It does not go unanswered ..... the Bible clearly said that God was the father of the child, and that He impregnated her without sexual contact, (as she remained a virgin) and sent his Holy Spirit her.

Matthew 1: 18-25

Now the birth of Jesus Christ was as follows: when His mother Mary had been betrothed to Joseph, before they came together she was found to be with child by the Holy Spirit. And Joseph her husband, being a righteous man and not wanting to disgrace her, planned to send her away secretly.

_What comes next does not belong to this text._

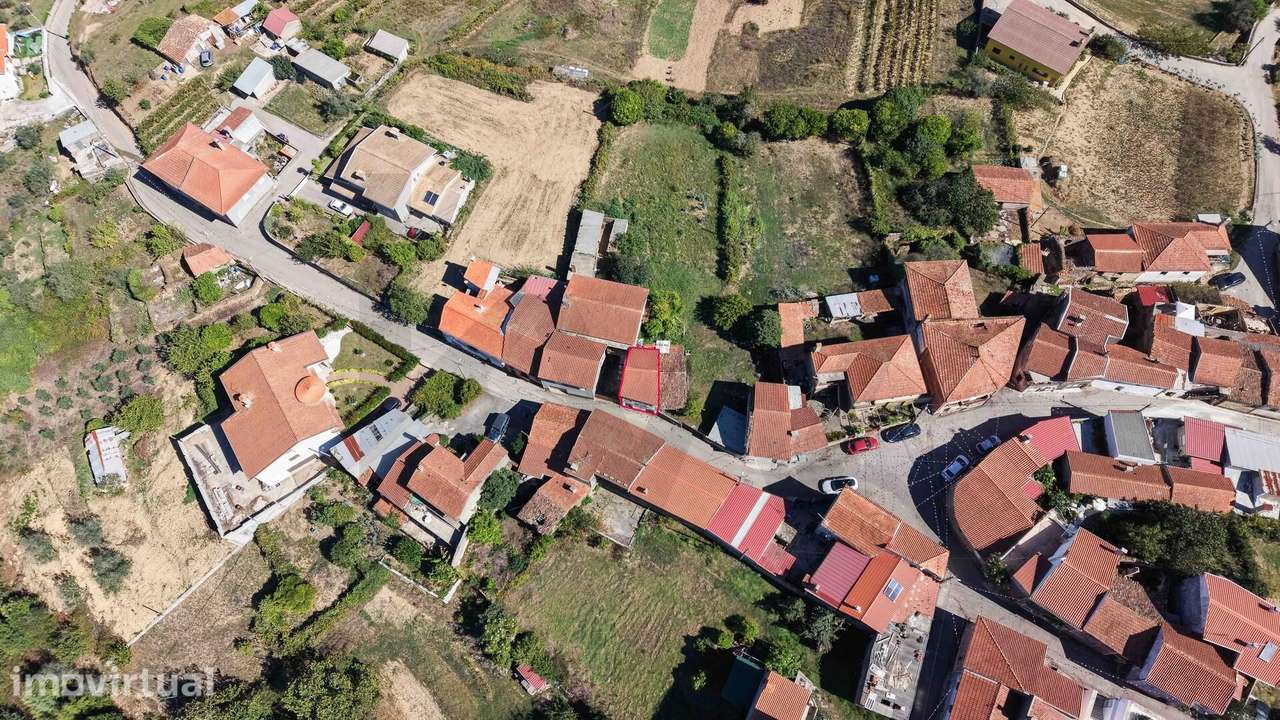 Moradia t2 para recuperar a 15m de Coimbra - Grande imagem: 5/21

But when he had considered this, behold, an angel of the Lord appeared to him in a dream, saying, “Joseph, son of David, do not be afraid to take Mary as your wife; for the Child who has been conceived in her is of the Holy Spirit. “She will bear a Son; and you shall call His name Jesus, for He will save His people from their sins.” 22Now all this took place to fulfill what was spoken by the Lord through the prophet: “BEHOLD, THE VIRGIN SHALL BE WITH CHILD AND SHALL BEAR A SON, AND THEY SHALL CALL HIS NAME IMMANUEL,” which translated means, “GOD WITH US.” And Joseph awoke from his sleep and did as the angel of the Lord commanded him, and took Mary as his wife, but kept her a virgin until she gave birth to a Son; and he called His name Jesus.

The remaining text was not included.